[MATERIAL PROVIDED — start]

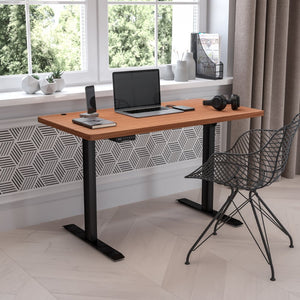 English Elm Tanner Electric Height Adjustable Standing Desk - Spacious 48" Mahogany Tabletop for Comfort & Style NAN-TG-2046-R-GG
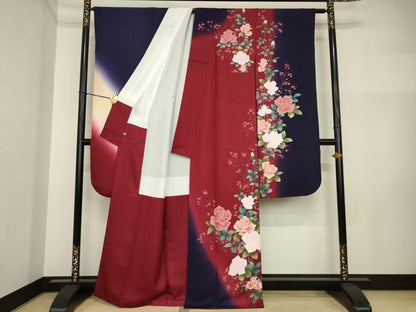 平和屋着物●豪華振袖　草花文　暈し染め　金彩　さが美扱い　正絹　逸品　AABI2474ck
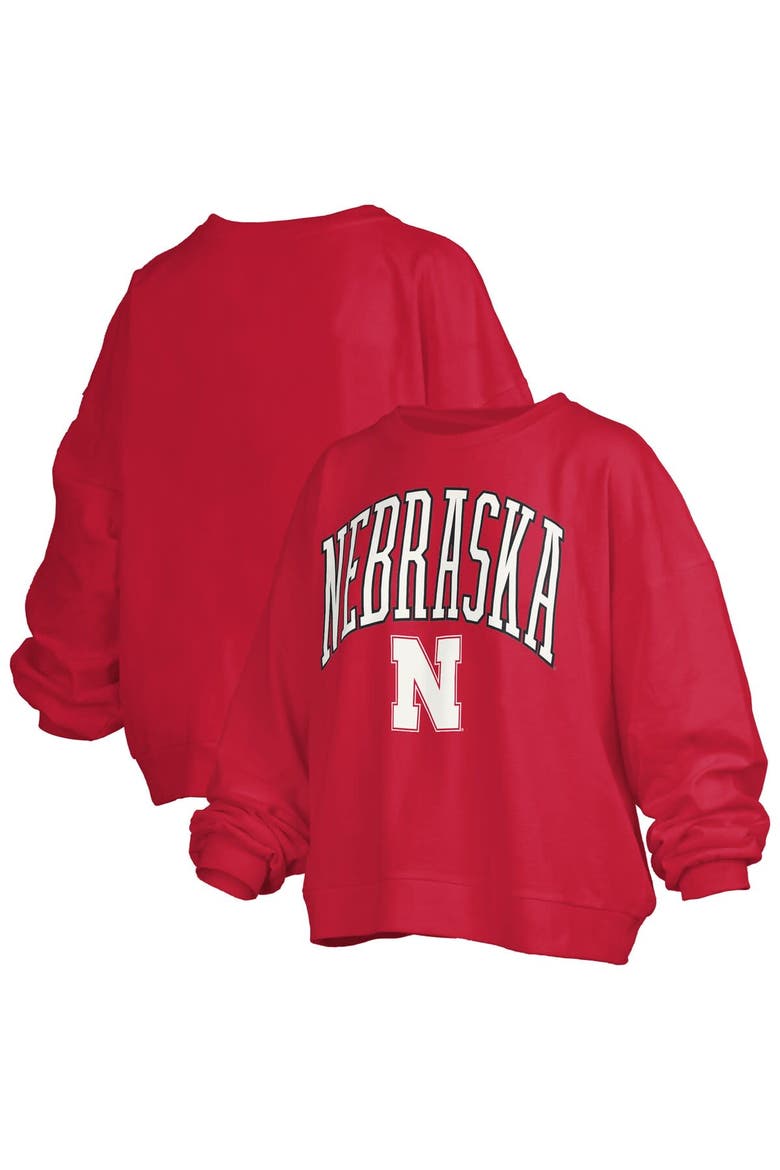 Women's Pressbox Scarlet Nebraska Huskers Janise Arch Over Logo Waist Length Oversized Pullover Sweatshirt, Main, color, Scarlet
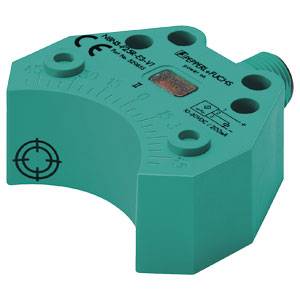 Ein grüner Rechtecksensor mit CE-Kennzeichnung und technischer Beschriftung, zeigt Skalen- und Funktionsanzeigen, Herstellername sichtbar.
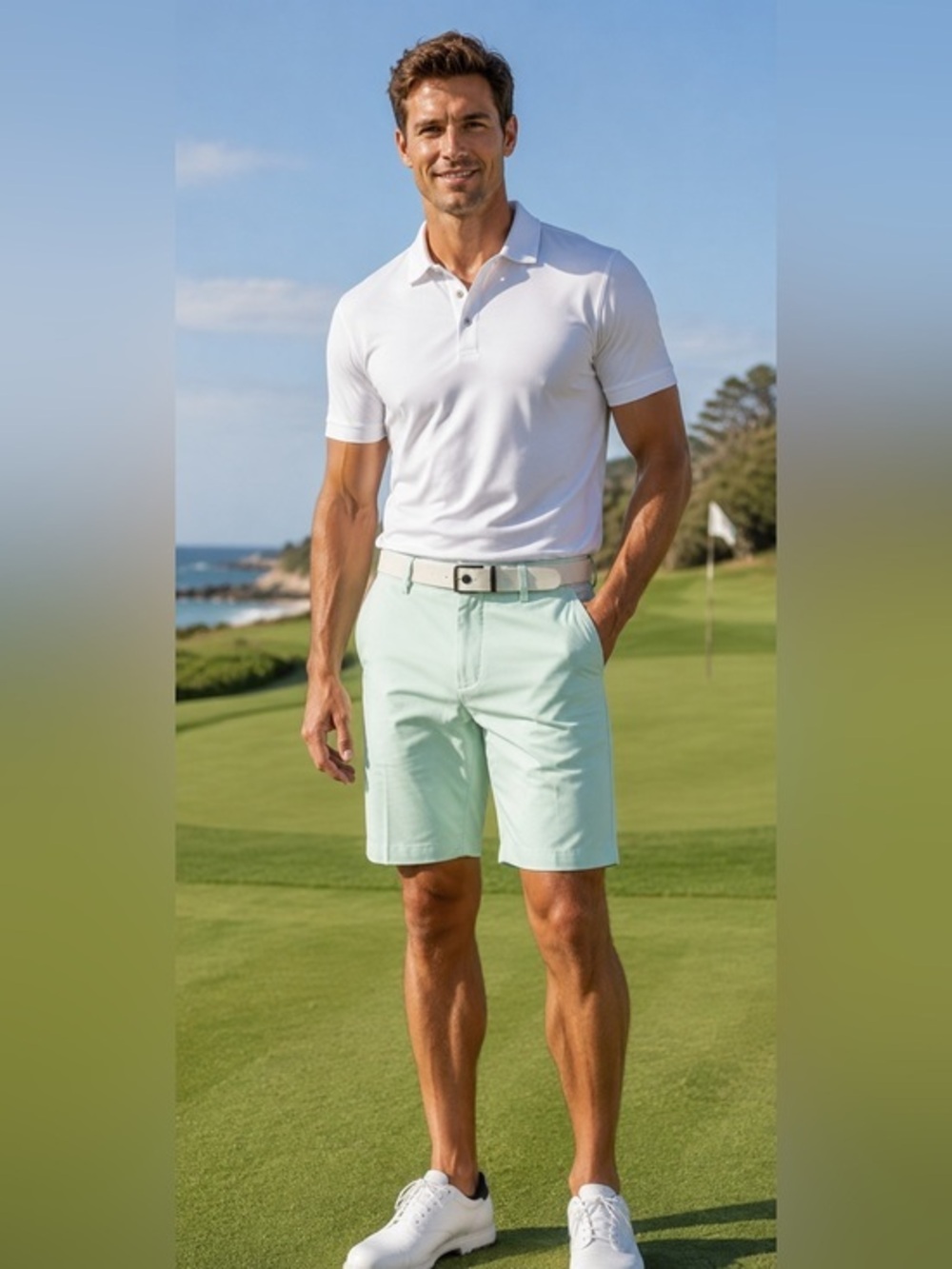 Dunning Golf Mens Size 32 Mint Green Performance Flat Front Golf Shorts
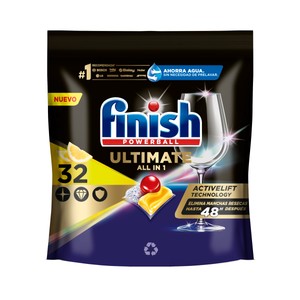 Imagen de FINISH Ultimate Detergente todo en 1, en cápsulas para lavavajillas, con aroma a limón 32 uds.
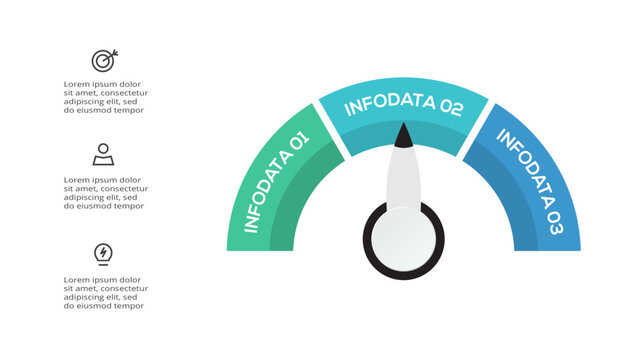 Speedometer infographic with 3 elements template for web, business, presentations, vector illustration.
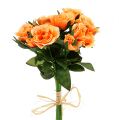 Floristik24 Kunstblumen Rosenstrauß orange L26cm 3St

[MATERIAL PROVIDED — finish]

PROBLEM STATEMENT —
The line containing "Speedometer infographic with" and every line after it, up to the last line of the data, should be returned exactly, without the pictures.

OUTPUT BELOW —
 Speedometer infographic with 3 elements template for web, business, presentations, vector illustration.
 Floristik24 Kunstblumen Rosenstrauß orange L26cm 3St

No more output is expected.